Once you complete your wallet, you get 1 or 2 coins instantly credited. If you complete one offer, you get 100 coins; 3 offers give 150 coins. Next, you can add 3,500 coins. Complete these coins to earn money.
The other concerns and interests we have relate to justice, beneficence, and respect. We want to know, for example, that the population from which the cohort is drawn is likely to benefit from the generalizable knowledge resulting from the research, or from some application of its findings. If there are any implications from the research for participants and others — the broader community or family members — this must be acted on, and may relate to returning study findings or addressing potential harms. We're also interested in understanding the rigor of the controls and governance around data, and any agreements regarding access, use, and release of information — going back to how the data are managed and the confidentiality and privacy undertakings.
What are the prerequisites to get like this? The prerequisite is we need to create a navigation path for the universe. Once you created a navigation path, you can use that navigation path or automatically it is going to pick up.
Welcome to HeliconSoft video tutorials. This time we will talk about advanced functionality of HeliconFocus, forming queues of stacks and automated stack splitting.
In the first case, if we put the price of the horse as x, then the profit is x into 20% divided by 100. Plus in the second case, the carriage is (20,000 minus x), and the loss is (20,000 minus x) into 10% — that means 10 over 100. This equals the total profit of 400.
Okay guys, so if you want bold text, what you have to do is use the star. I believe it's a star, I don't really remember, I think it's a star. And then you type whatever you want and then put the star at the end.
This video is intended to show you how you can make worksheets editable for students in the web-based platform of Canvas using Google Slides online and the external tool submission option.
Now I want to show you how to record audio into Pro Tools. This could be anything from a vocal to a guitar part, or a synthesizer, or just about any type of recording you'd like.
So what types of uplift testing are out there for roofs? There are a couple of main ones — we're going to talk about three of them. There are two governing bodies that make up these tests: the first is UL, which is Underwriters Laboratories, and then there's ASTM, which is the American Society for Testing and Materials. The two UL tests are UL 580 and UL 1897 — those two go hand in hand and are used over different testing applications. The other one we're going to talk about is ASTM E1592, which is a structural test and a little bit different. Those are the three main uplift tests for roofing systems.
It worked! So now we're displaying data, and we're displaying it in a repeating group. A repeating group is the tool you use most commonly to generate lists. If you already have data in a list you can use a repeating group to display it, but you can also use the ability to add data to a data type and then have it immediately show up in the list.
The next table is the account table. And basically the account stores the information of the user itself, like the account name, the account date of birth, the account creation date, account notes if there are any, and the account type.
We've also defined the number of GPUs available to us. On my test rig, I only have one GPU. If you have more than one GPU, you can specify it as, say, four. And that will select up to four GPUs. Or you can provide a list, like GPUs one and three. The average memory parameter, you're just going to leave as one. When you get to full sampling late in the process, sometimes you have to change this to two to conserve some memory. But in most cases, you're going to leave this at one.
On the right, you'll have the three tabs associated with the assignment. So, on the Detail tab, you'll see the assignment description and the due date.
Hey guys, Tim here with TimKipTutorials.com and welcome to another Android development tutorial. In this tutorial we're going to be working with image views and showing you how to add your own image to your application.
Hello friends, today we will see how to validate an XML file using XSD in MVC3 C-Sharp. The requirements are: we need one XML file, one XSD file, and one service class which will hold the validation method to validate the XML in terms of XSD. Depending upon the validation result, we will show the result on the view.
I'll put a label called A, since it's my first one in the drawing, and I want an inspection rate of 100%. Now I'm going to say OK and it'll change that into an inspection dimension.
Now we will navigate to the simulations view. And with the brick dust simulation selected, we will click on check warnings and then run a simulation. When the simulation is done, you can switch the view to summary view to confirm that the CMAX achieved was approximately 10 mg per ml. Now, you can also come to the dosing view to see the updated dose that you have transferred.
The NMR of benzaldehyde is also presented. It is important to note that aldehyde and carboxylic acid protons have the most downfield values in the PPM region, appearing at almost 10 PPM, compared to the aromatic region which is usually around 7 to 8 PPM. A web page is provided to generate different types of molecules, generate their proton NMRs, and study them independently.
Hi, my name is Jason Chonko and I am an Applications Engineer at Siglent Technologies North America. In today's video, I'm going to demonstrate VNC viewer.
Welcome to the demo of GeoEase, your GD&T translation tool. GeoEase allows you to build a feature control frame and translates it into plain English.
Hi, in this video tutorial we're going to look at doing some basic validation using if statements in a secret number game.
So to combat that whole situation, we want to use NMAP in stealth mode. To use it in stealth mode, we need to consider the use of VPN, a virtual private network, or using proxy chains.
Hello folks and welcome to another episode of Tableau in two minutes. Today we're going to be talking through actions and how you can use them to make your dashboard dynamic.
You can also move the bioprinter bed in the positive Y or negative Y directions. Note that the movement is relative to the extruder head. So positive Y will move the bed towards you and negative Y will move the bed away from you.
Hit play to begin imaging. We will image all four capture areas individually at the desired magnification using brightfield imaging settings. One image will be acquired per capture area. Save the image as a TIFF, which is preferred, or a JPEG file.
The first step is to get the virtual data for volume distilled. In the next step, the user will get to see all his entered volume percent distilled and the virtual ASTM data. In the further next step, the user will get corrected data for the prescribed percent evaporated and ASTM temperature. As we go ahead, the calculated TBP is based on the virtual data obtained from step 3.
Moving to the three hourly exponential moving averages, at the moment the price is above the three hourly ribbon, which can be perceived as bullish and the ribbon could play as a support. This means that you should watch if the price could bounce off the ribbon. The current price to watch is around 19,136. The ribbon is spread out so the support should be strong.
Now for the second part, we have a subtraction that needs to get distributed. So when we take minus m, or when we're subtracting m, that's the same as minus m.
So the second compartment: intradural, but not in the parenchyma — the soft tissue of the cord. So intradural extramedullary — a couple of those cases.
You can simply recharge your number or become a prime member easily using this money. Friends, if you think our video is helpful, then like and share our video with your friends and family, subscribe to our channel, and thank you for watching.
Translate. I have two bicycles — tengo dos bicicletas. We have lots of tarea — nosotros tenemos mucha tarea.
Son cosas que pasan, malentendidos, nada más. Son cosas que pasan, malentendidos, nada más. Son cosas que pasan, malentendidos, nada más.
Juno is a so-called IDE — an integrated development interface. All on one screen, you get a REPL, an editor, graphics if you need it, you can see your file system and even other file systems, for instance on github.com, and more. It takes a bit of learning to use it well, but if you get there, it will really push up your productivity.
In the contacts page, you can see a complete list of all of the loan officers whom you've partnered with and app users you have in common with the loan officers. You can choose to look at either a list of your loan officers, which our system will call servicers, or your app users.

***

▶ **Required work**:
Reproduce exactly, and only, the part of the listing above that begins at the line with "You can simply" and goes on through the line with "Translate. I have".

▶ **Task solution**:
You can simply recharge your number or become a prime member easily using this money. Friends, if you think our video is helpful, then like and share our video with your friends and family, subscribe to our channel, and thank you for watching.
Translate. I have two bicycles — tengo dos bicicletas. We have lots of tarea — nosotros tenemos mucha tarea.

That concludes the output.